アレクは共に戦ってきた鋼鉄の鎧、それに宝剣を指でなぞる。
「お主が決めても良いのだが……」
そこで言葉を切り、神はアレクの方へ一歩、踏みよる。その名の通りの、神秘的な美貌が迫ってきたアレクは硬直する他なかった。
「面倒と言うのなら、私が決めてもよいかの?」
神は瞳を爛々と輝かせながら言った。その声は、どこか楽し気だった。
「あ、ああ……。別に構わない……」
アレクは顔を逸らし、一歩引いてから承諾した。その言葉に神は一層、瞳を輝かせた。
「ふむ! では、少々待たれい」
神は右手に紙切れ、左手にペンをどこからともなく出現させ、何やら書き始めた。
黙々とペンを走らせている神を尻目に、アレクは再び周りを見回す。
白白白白白白と前後左右上下と見事に真っ白なのは、相変わらず。いい加減、目がチカチカしてくる。
「なあ、一つ訊いてもいいか?」
訊きたいことは一つではなかったが、キリがないため一つに絞った。
「うむ、言ってみるがよい」
紙面に目を向けたまま言った。偉そうだなとアレクは思ったが、神だから仕方がないことかと口にはしなかった。
「お前、ずっと、ここにいるのか?」
こんな、何もない所に。
「ああ、そうである」
「いつから? 何年いるんだ?」
「数えてないから分からんが、この世界を創った時から。少なくとも、数百億年は立っているのぉ」
神は表情一つ変えずに、そう答えた。
「すっ!?」
「さあ、できたぞ」
顔を上げた神は、紙切れとペンを消し去りアレクに視線を戻した。
「『英雄』アレクよ。新しい物語を始めるがよい」
その言葉の後に、アレクの足元が金色に輝き出した。その光の奥底には魔力とは全く異なる力が、溢れてきているようだった。

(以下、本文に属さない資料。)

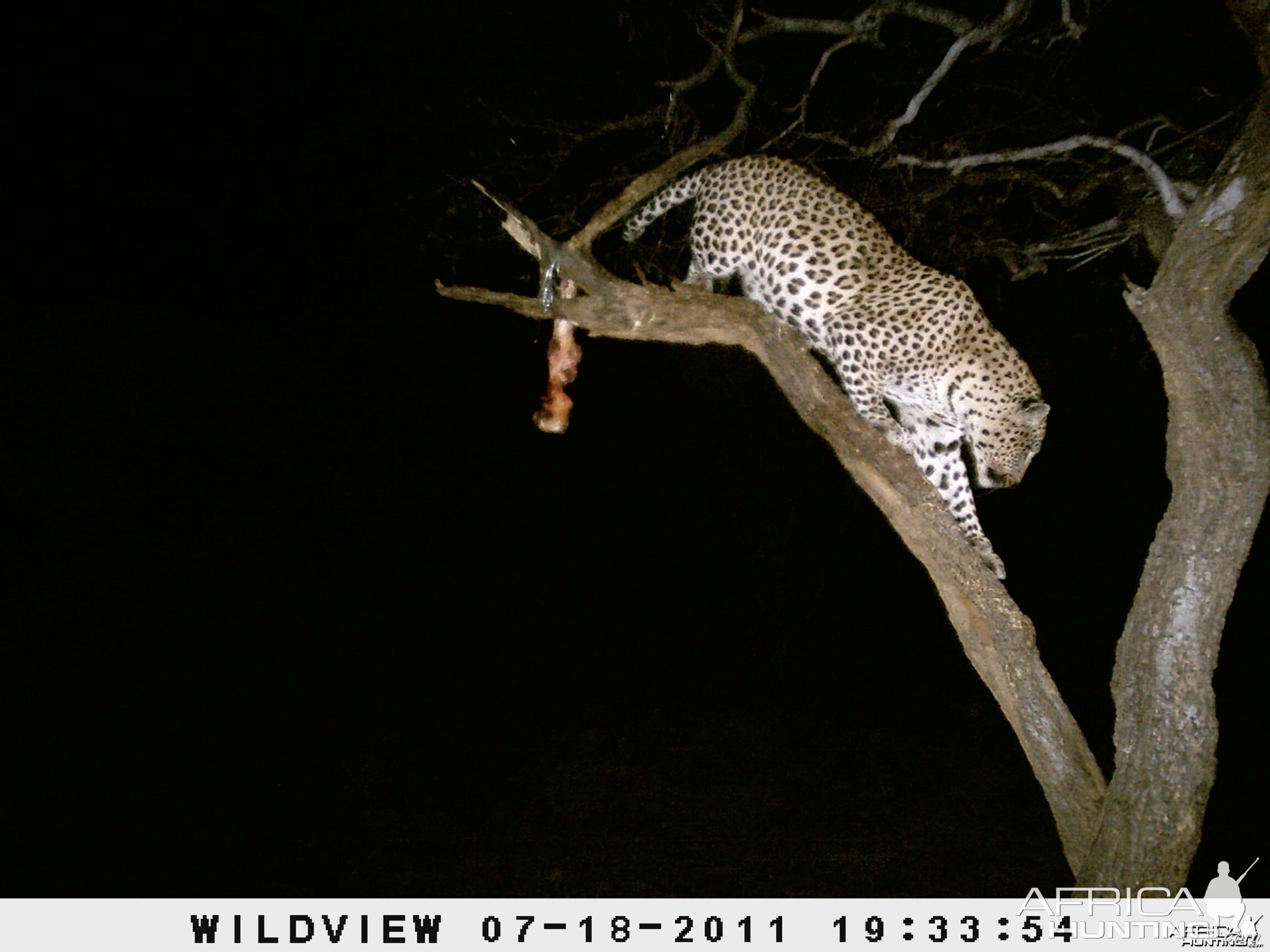 Leopard Namibia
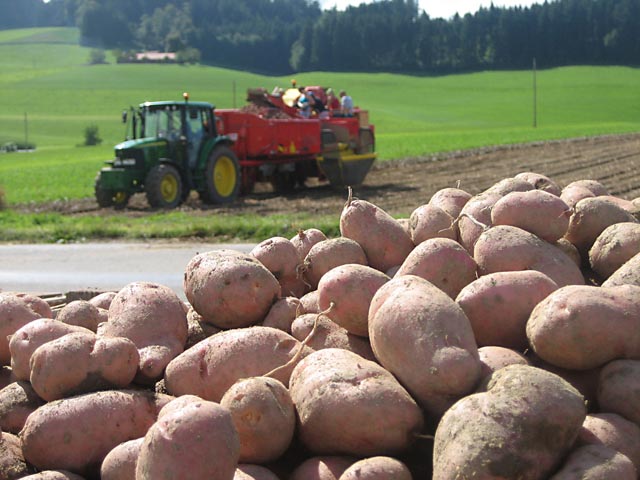 Der Kartoffelanbau war zuletzt ziemlich herausfordernd. Foto: lid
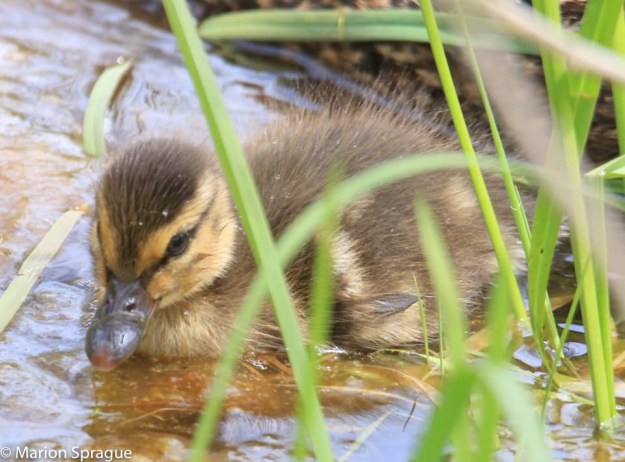 ducking_Marion_Sprague-edited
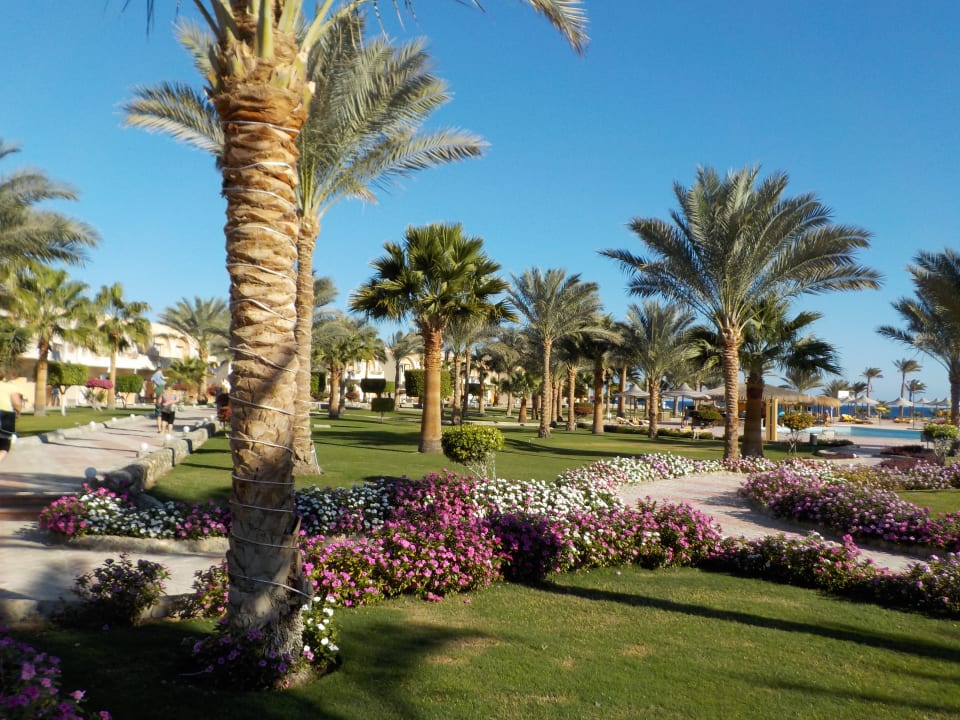 Garten Three Corners Sea Beach Resort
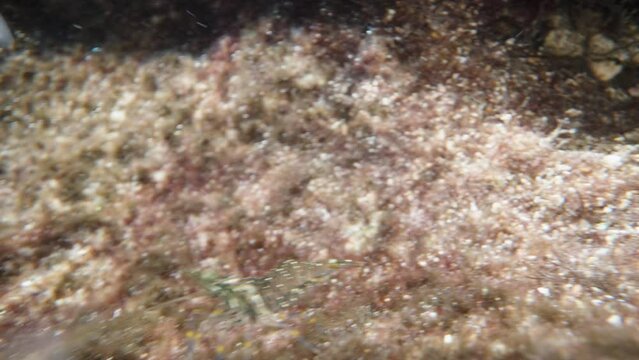 Small shrimp Palaemon adspersus, at the bottom of the sea escapes from the camera, super macro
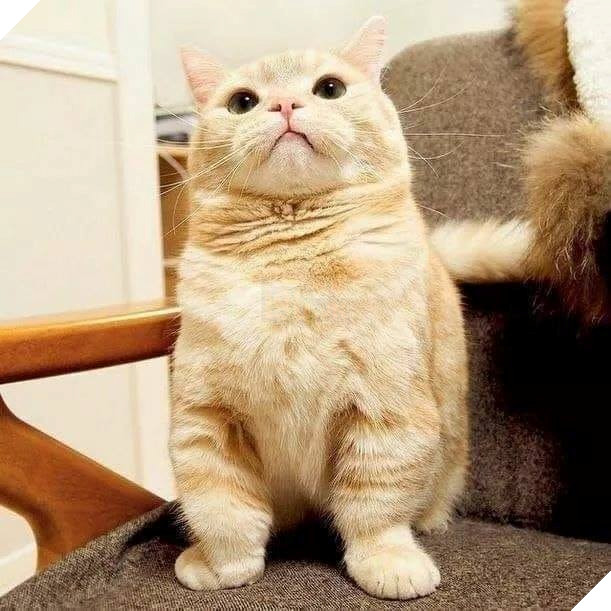 Tổng hợp hình ảnh những chú mèo cực dễ thương khiến cho trái tim bạn phải tan chảy 16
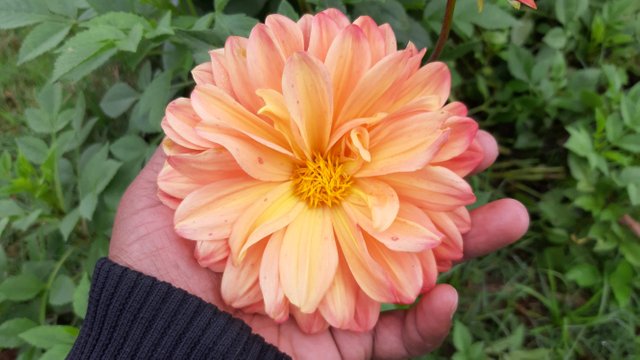 20191021_084807.jpg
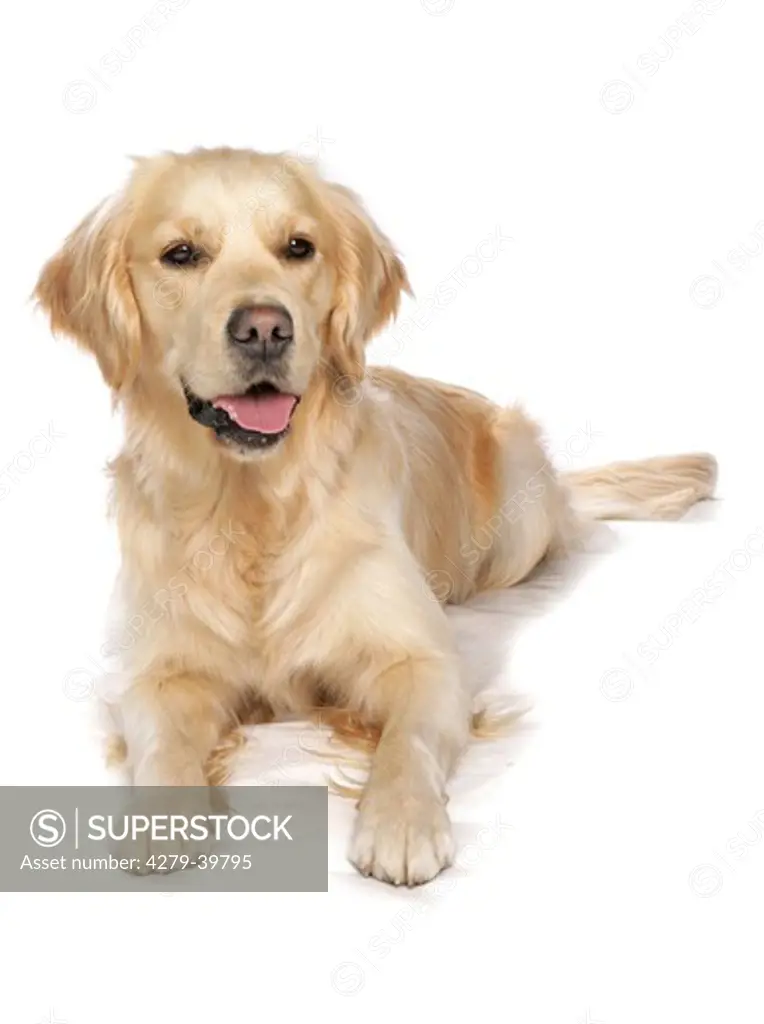 Golden Retriever dog - lying - cut out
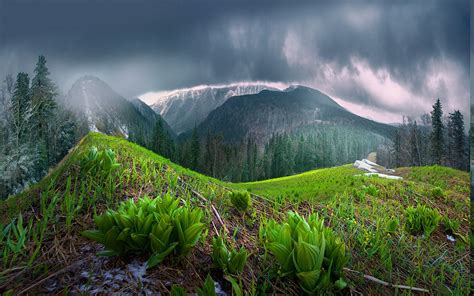 mist, Nature, Landscape, Spring, Mountain, Forest, Clouds, Rain, Trees ...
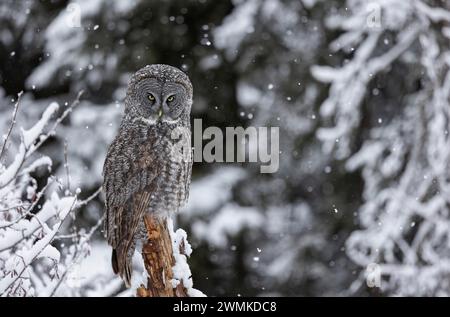 Great grey owl (Strix nebulosa) perched on a snowy branch with snowflakes falling gently around it; Alaska, United States of America Stock Photo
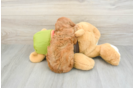 Cavapoo Puppy for Adoption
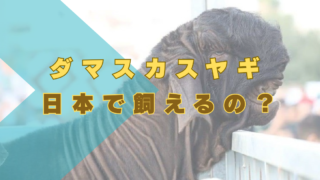 ダマスカスヤギ　日本　動物園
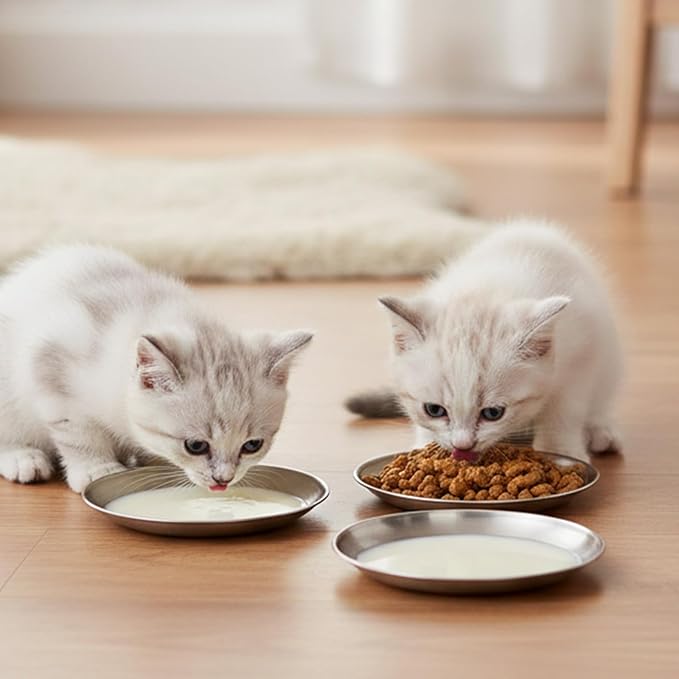 4Pcs Stainless Steel Cat Dishes for Food and Water, Flat Wide Shallow Cat Bowl, 5.51in Cats Food Plate for Kitten Puppy Small Dog Feeding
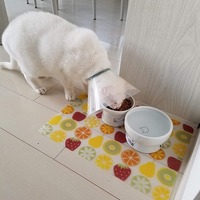 食べる事が出来ました(*≧∇≦)ﾉ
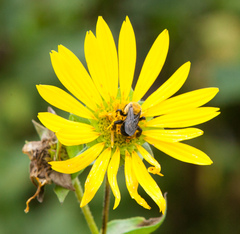 Ptilothrix bombiformis
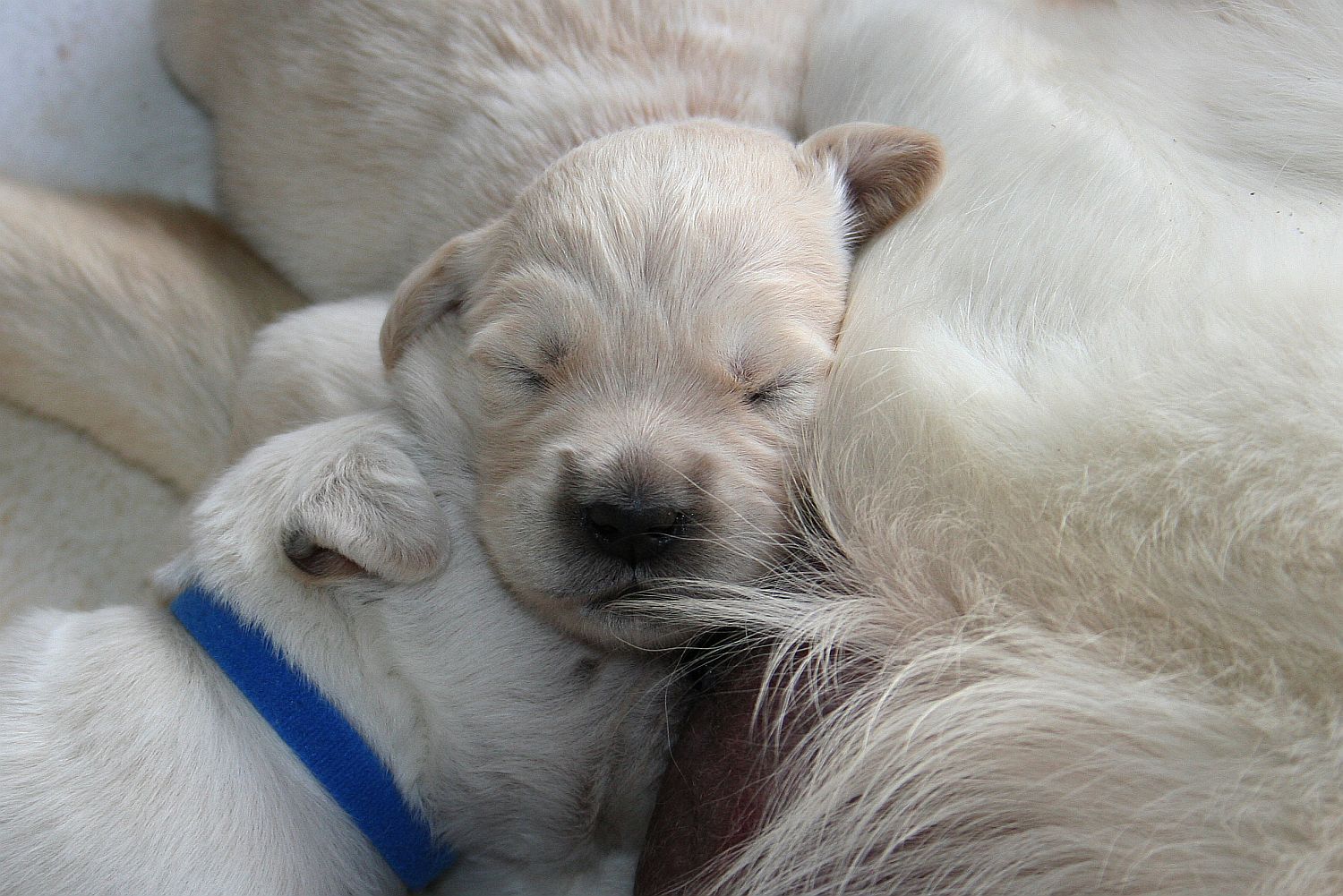 09.06.17 IMG_6130 A k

これが新しい世界へと繋がるゲートだと、アレクは直感した。
「待て! その前にもう一つ!」
奥底から伸びてきた、帯状の光がアレクを捉える。
「お前……、こんなとこに一人で、寂しくないのか?」
アレクの質問に、神は目を丸くした後、くつくつと笑い出した。
「いや、失礼。寂しいか……寂しくないか、考えたこともないが……」
光がアレクの全身を包もうと、さらに伸びてくる。
「お主の旅は、なかなか見物であったぞ」
アレクは神の前から消滅した。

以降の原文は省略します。